--- Your assignment ---
Starting at the line with "Ferragamo Black Calf", retype every remaining line of the records exactly. Do not include pictures.

Caption-style text data
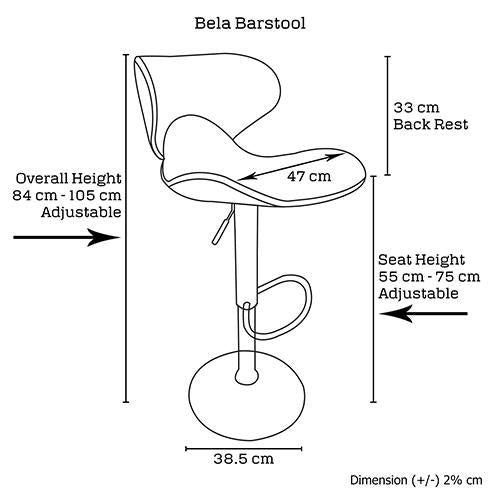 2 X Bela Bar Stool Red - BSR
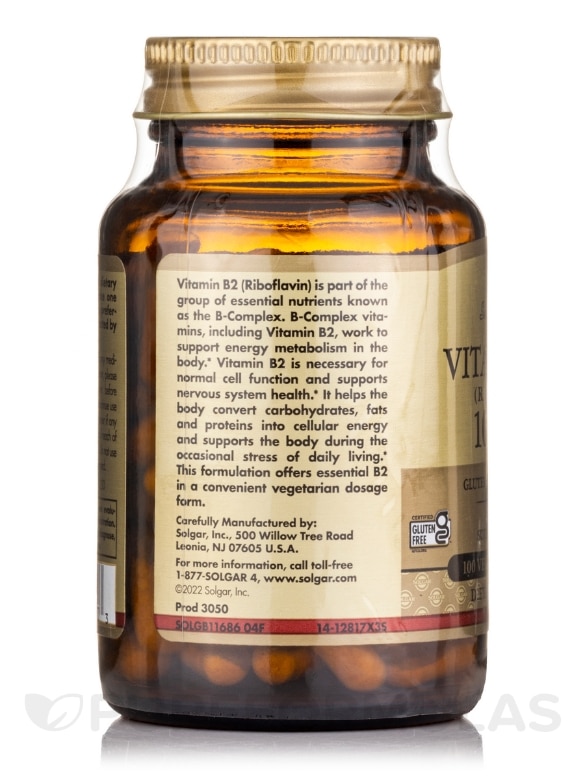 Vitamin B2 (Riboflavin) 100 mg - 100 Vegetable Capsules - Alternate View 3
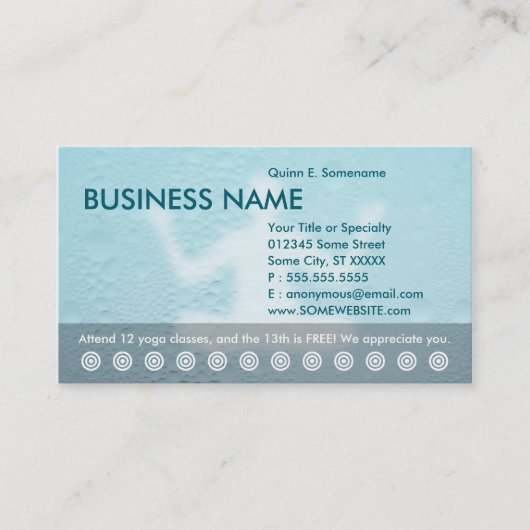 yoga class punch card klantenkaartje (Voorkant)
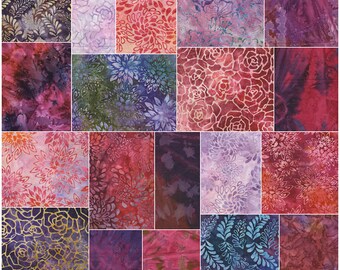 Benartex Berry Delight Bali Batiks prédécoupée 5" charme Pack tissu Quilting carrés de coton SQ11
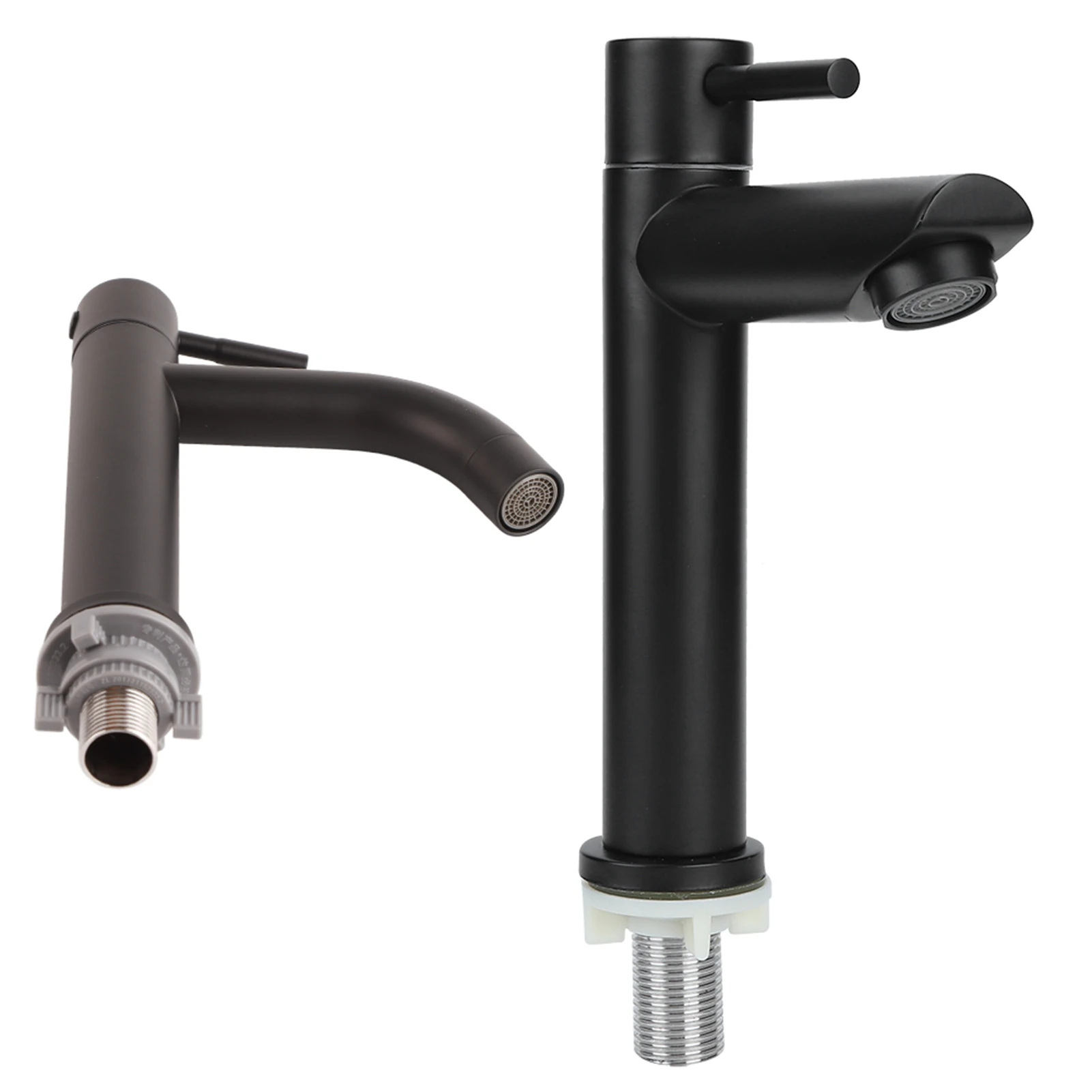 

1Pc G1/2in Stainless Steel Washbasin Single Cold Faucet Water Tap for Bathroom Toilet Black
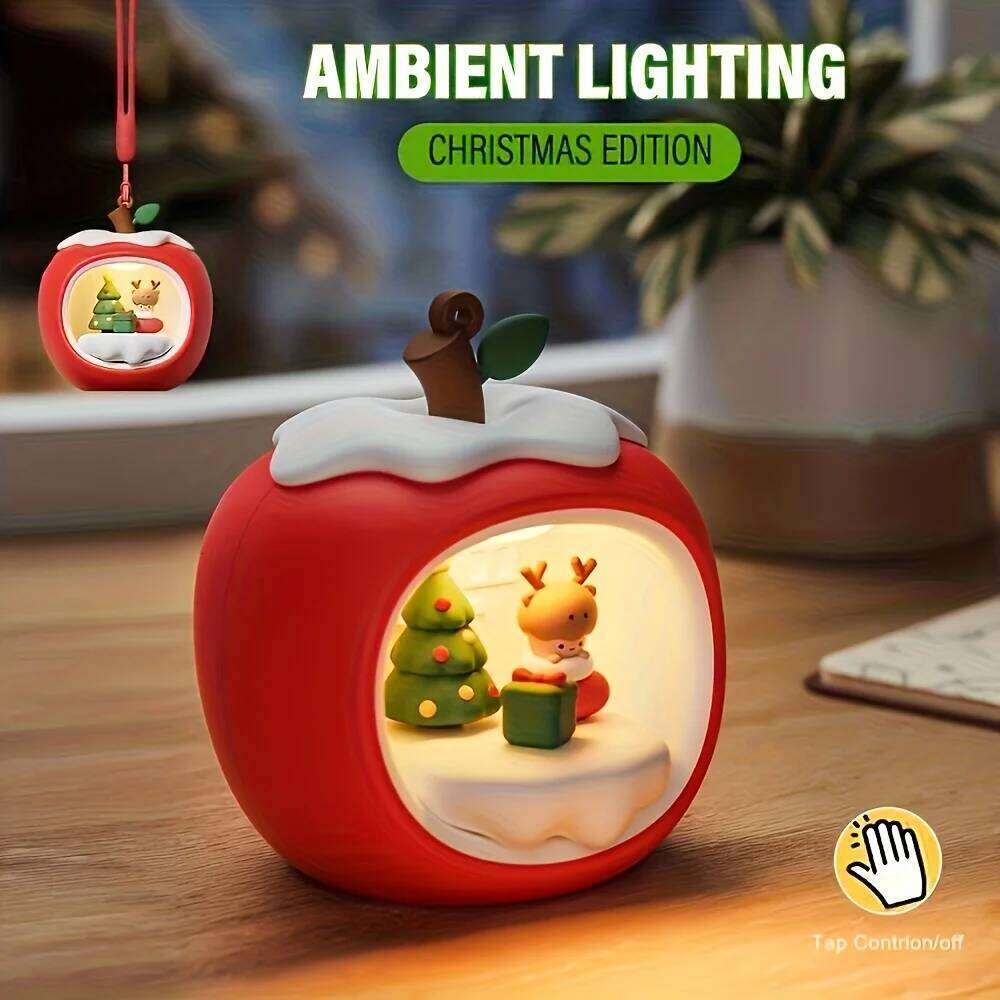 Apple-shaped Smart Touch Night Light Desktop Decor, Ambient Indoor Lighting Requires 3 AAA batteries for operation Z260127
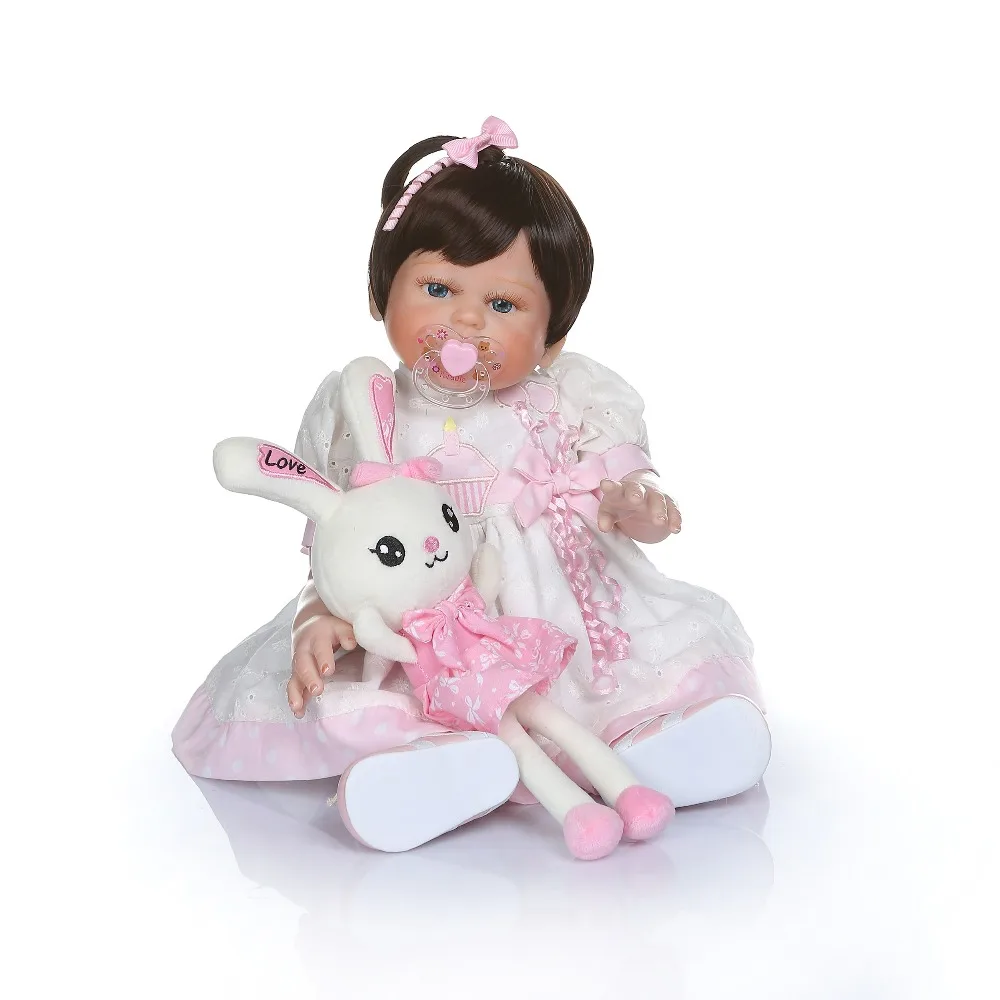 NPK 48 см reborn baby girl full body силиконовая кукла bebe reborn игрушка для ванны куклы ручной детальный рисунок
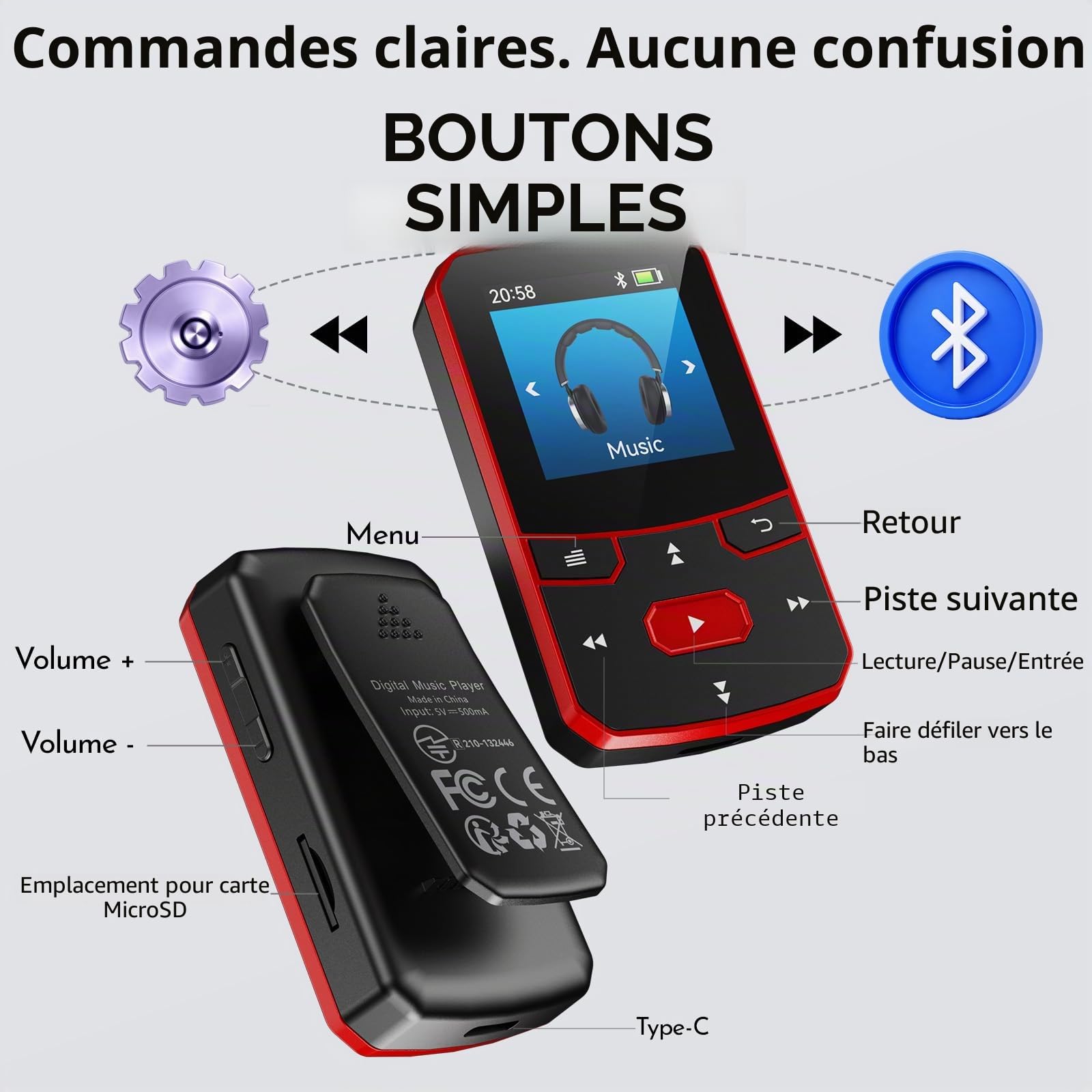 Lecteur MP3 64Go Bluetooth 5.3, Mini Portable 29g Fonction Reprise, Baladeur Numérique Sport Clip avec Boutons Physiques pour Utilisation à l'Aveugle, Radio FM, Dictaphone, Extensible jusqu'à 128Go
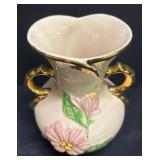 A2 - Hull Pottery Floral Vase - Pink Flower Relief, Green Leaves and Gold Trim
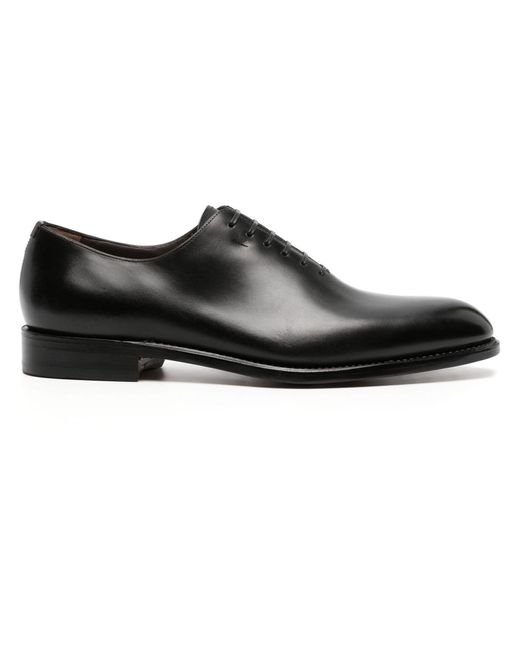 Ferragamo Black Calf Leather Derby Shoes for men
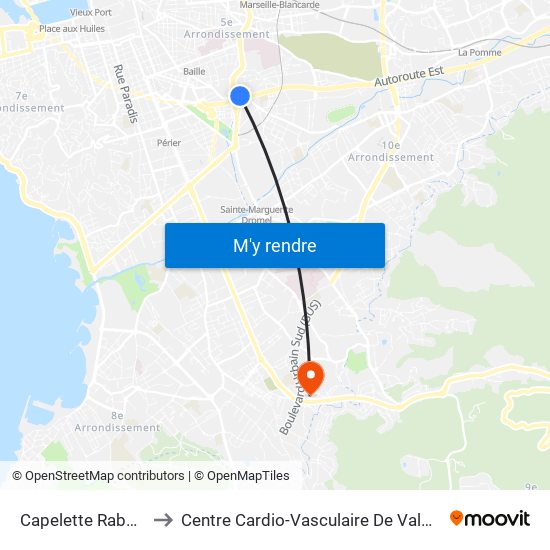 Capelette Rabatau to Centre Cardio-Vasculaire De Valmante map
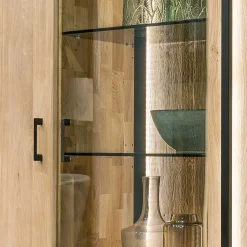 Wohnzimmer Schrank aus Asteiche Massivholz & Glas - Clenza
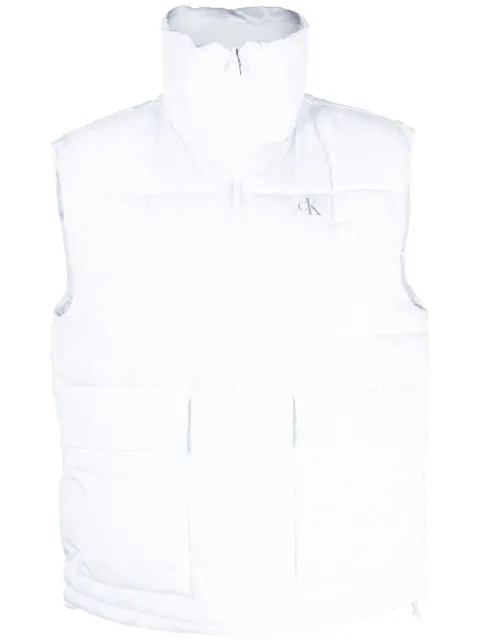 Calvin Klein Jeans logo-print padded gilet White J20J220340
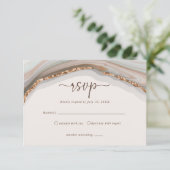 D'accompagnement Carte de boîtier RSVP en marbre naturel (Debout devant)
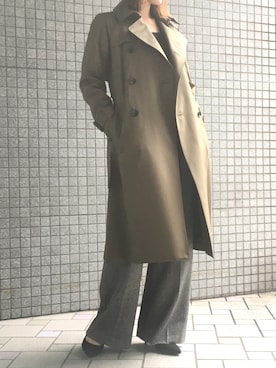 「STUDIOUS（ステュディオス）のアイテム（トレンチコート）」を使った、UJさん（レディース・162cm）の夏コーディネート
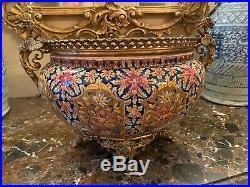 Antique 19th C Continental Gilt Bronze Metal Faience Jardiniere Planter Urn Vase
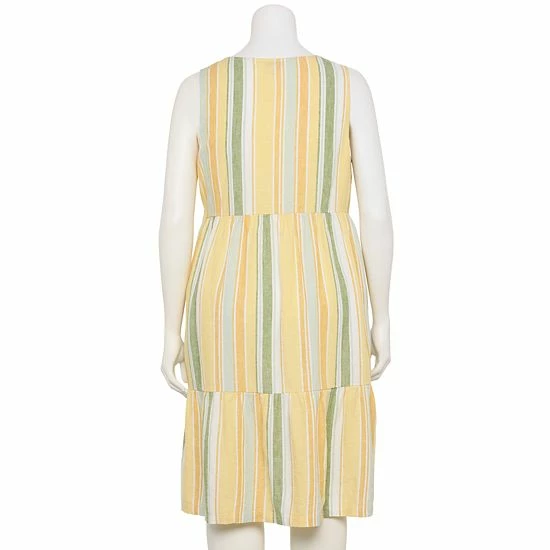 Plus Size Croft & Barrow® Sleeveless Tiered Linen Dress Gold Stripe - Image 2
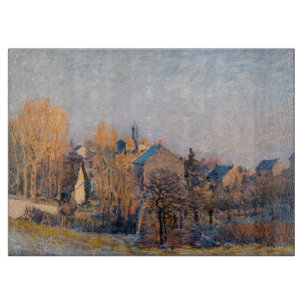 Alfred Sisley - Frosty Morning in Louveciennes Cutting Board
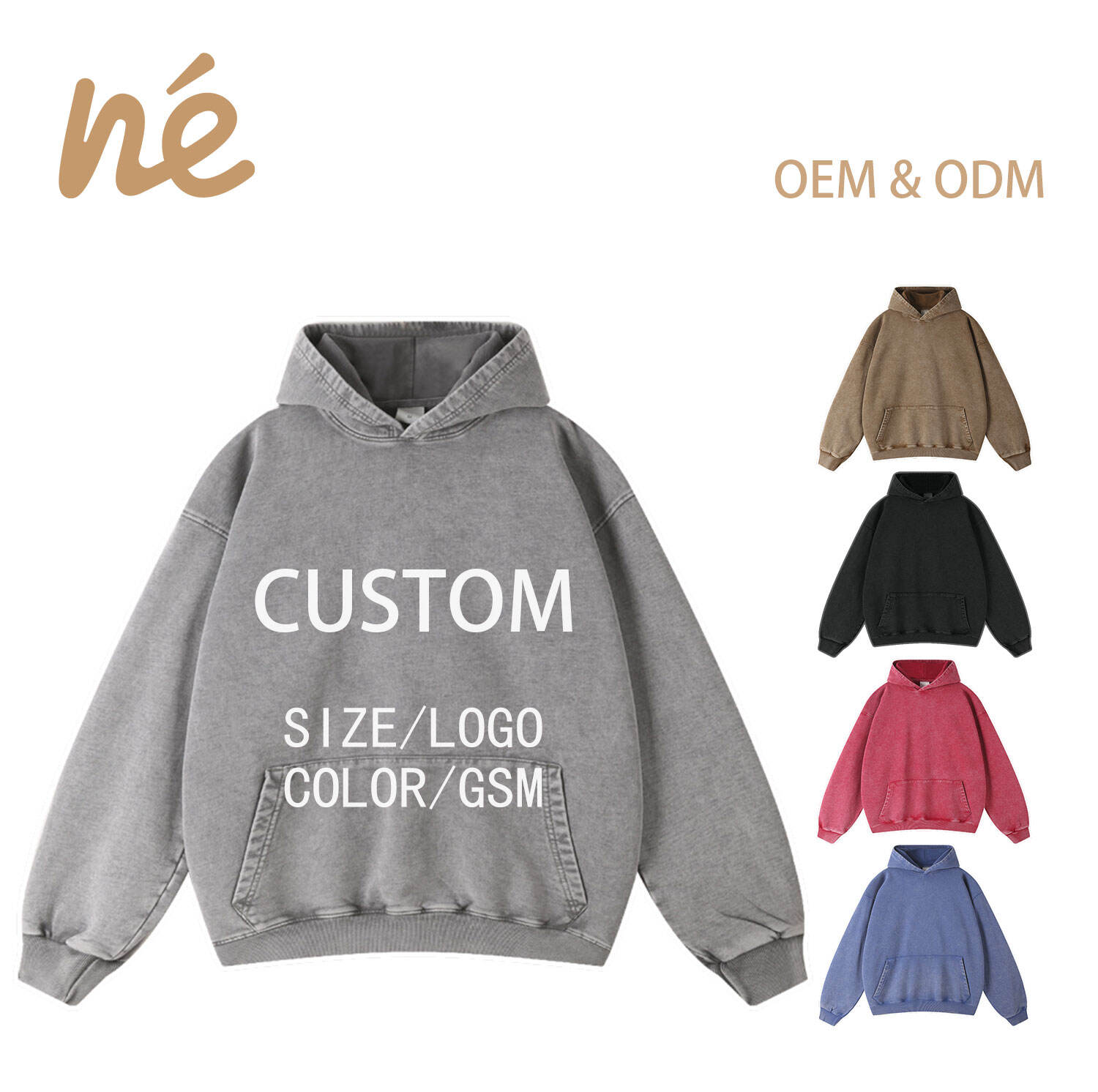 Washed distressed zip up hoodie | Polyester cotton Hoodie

--- Solved problem ---
 Ferragamo Black Calf Leather Derby Shoes for men
 Capelette Rabatau to Centre Cardio-Vasculaire De Valmante map
 Wohnzimmer Schrank aus Asteiche Massivholz & Glas - Clenza
 Calvin Klein Jeans logo-print padded gilet White J20J220340
 D'accompagnement Carte de boîtier RSVP en marbre naturel (Debout devant)
 「STUDIOUS（ステュディオス）のアイテム（トレンチコート）」を使った、UJさん（レディース・162cm）の夏コーディネート
 Antique 19th C Continental Gilt Bronze Metal Faience Jardiniere Planter Urn Vase
 Plus Size Croft & Barrow® Sleeveless Tiered Linen Dress Gold Stripe - Image 2
 Alfred Sisley - Frosty Morning in Louveciennes Cutting Board
 Washed distressed zip up hoodie | Polyester cotton Hoodie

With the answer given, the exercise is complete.